We business journalists are suffering from an acute shortage of crisis metaphors. Or so it appears from this morning’s newspaper, in which Fannie Mae’s accounting scandal, the Pension Benefit Guaranty Corporation’s (PBGC) solvency problems and the growing demographic pressures on Social Security are all likened, in different articles, to the savings and loan crisis of the late 1980s.

I like a good metaphor as much as the next guy (as long-suffering Worth readers can confirm). But while all three of these problems arguably have something in common with the sorry S&L spectacle—they all demonstrate what happens when government regulations and institutions fail to keep pace with structural changes in the financial markets—the specter of impending disaster is overbought.

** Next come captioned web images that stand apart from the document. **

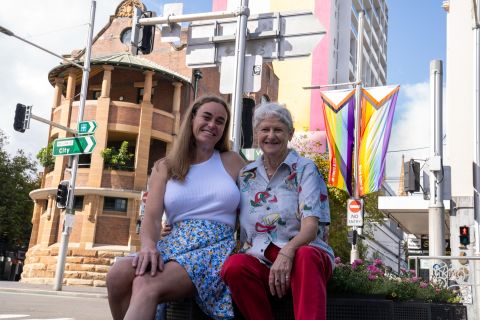 Linda Chalmers with her trans daughter Indica, at William Street, Darlinghurst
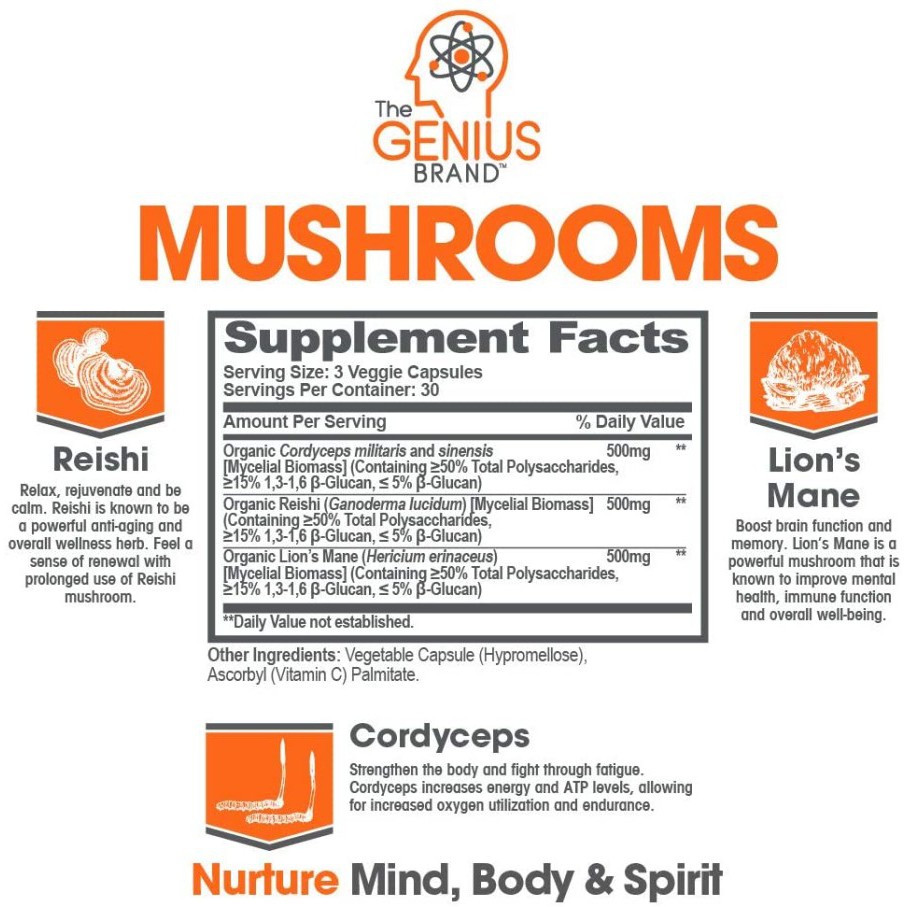 Genius Mushroom - Lions Mane, Cordyceps &amp; Reishi - 90 Veggie Caps Mushrooms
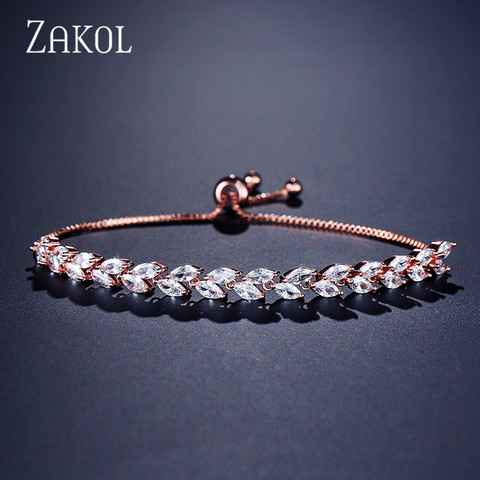 ZAKOL-pulsera de circonia cúbica con forma de hoja para mujer, brazalete, Zirconia, circonita, zirconita, transparente, cadena ajustable, FSBP2041 ► Foto 1/6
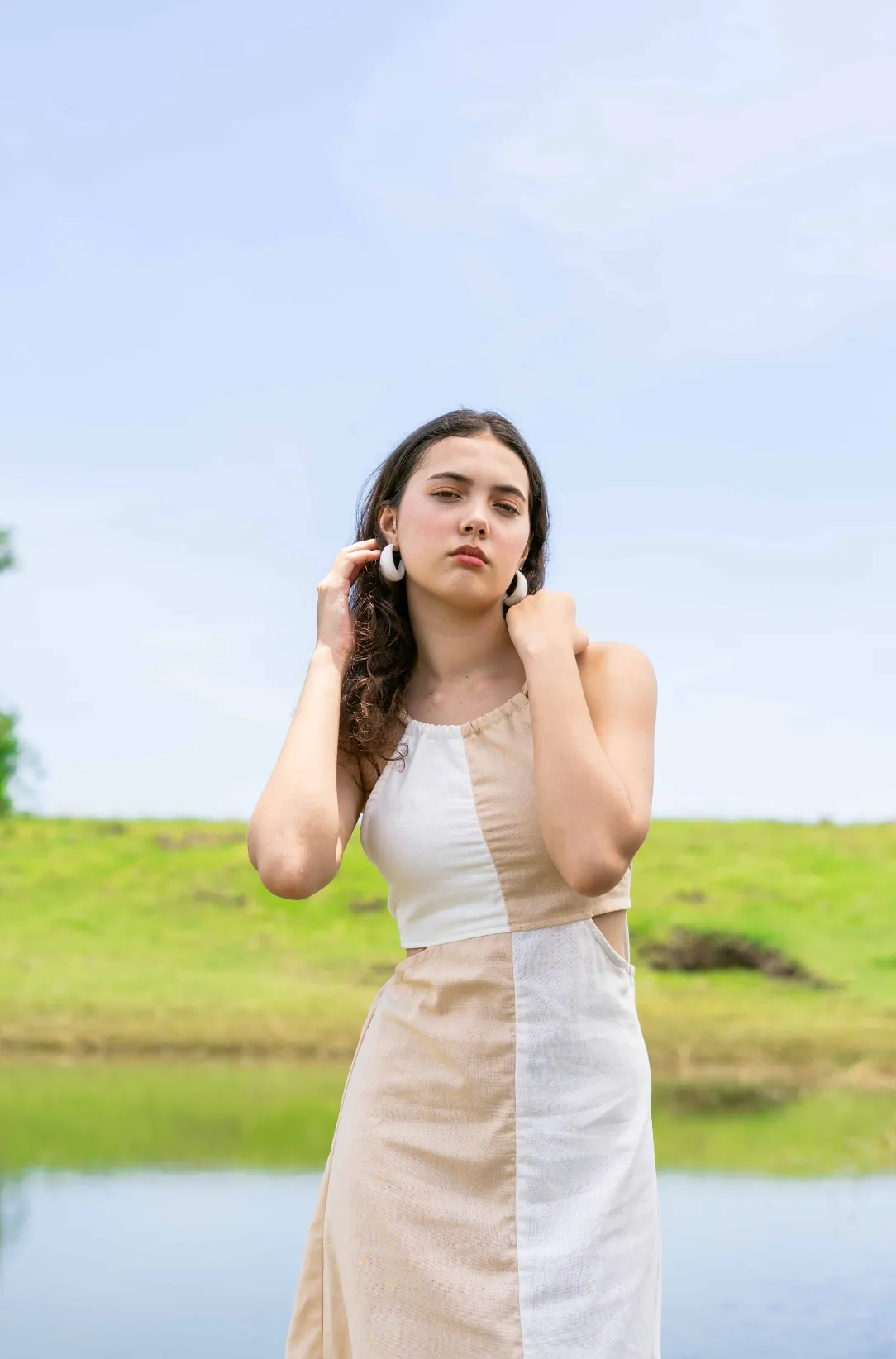 Penelope Dress - Beige and White sold by Sundays product image thumbnail 2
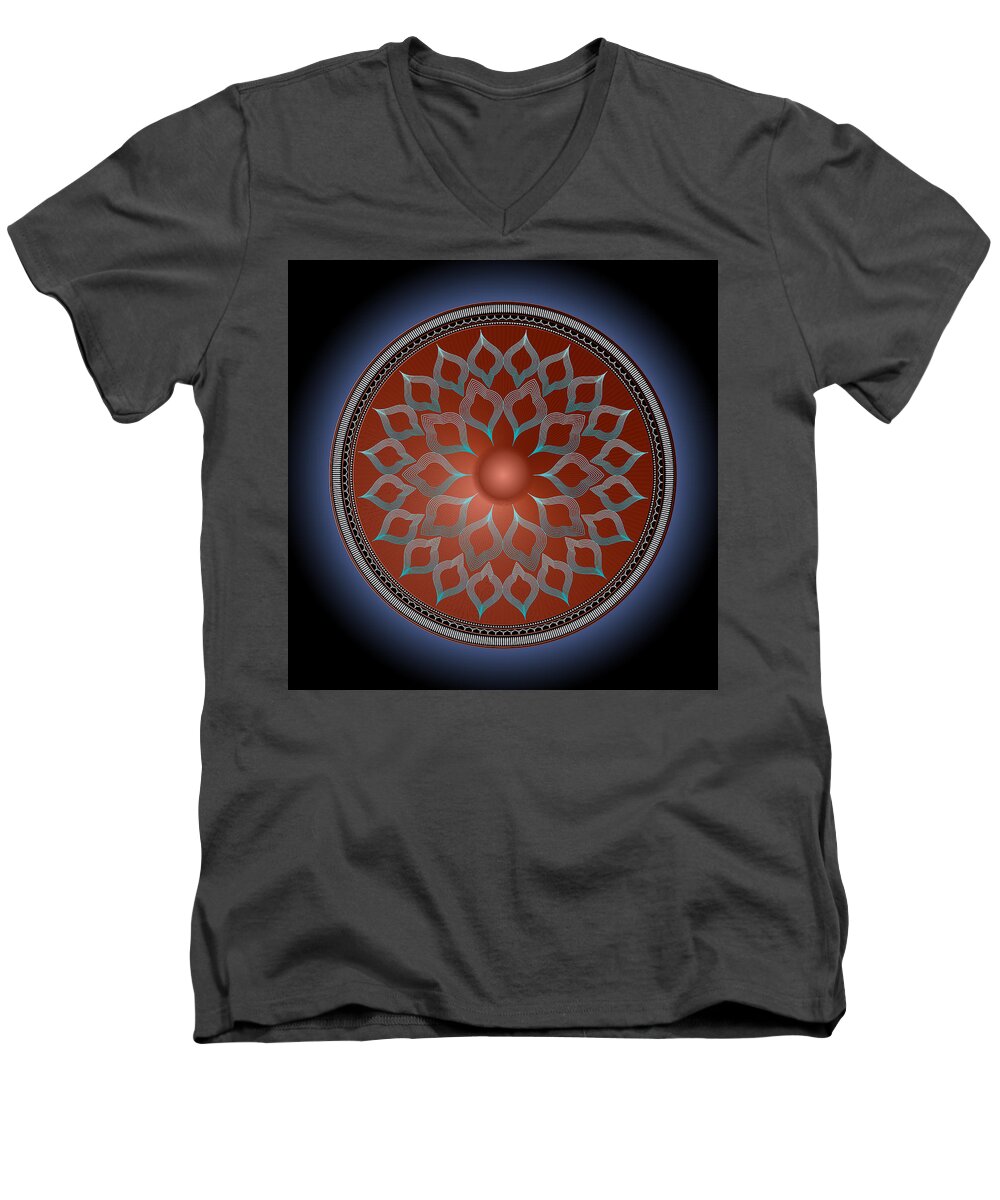 Mandala Men's V-Neck T-Shirt featuring the digital art Circularium No. 2735 by Alan Bennington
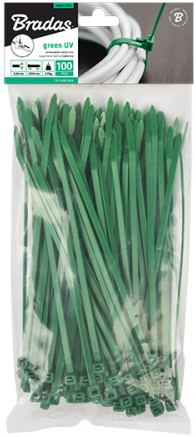 Хомут пластмассовый зеленый 3.6х100мм (100шт) Bradas (TS1236100G)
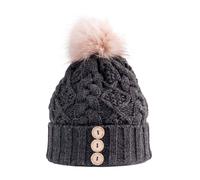 Aran Traditions Aran Diamond Cable Button Hat in Charcoal Aran Traditions Charcoal One Size
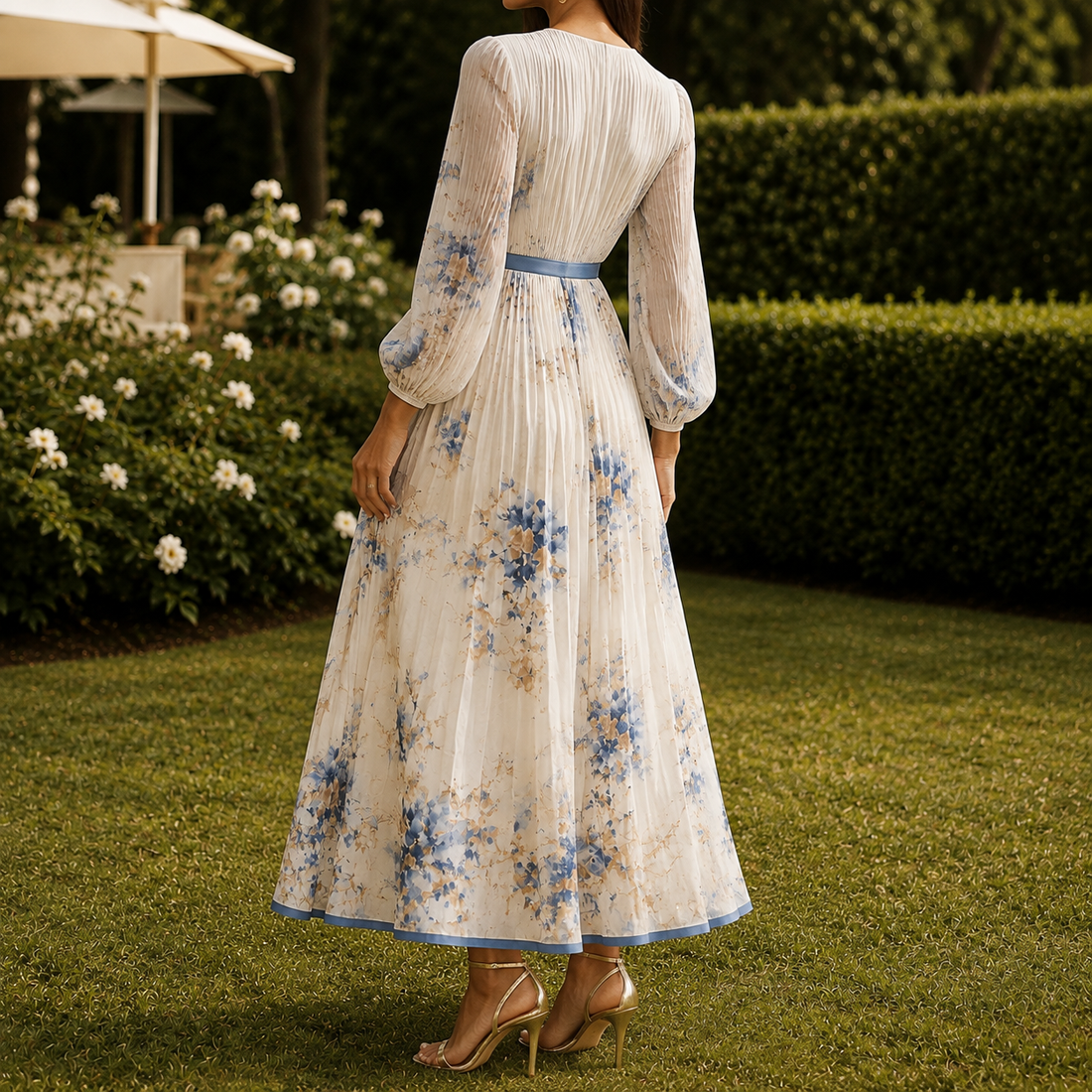 Giselle Pleated Maxi Dress - Lead Alternate View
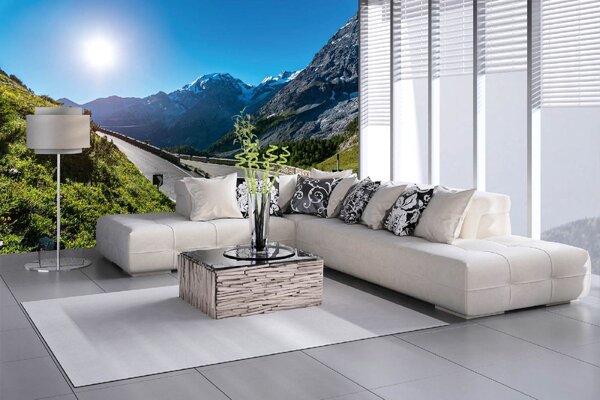 DIMEX | Vliesové fototapety na stenu Passo Stelvio MS-5-2868 | 375 x 250 cm | zelená, modrá, šedá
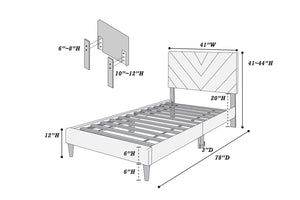 English Elm Twin Bed With Plush Velvet Upholstery & Adjustable Headboard For Ultimate Comfort & Style B089P240514-GIGA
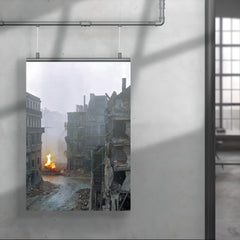 German Panther Tank Burning During the Battle of Cologne, March 1945 poster 4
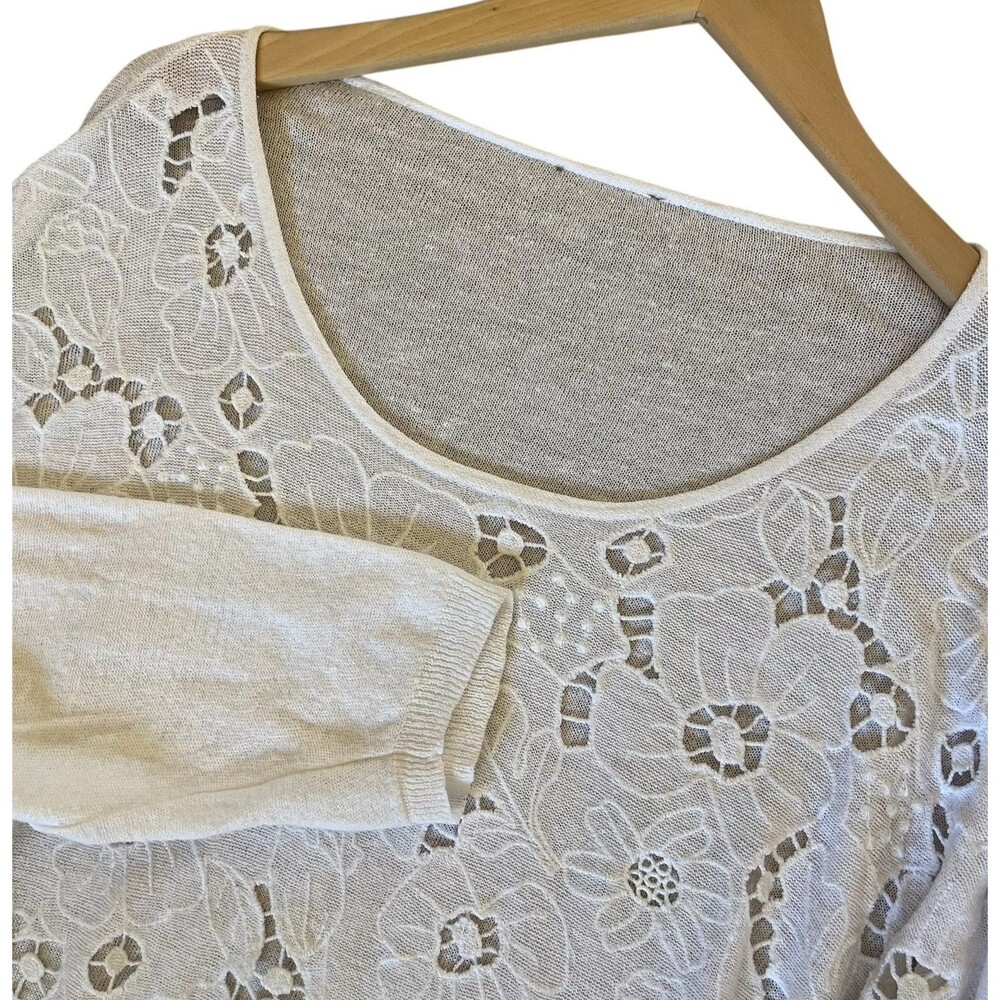 Womens Linen Blend Pullover Sweater Size 3X (READ) White Coastal Floral Cut-Outs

Fannie Mae remains solvent; its ability to increase its capital reserves to levels the government now demands without flinching demonstrates the depth and liquidity of its asset base. The PBGC’s growing deficit will be a mounting burden to taxpayers as healthy companies continue to opt out of its insurance, leaving it to tend to the walking wounded. But barring a massive downturn in the economy (which could suddenly lumber the agency with a host of failed companies’ pensions), it is a tragedy that will most likely play out over decades. Social Security—well, that’s anyone’s guess at this point, but I think its constituency is so broad, and the stakes so high, that the government won’t screw it up too badly.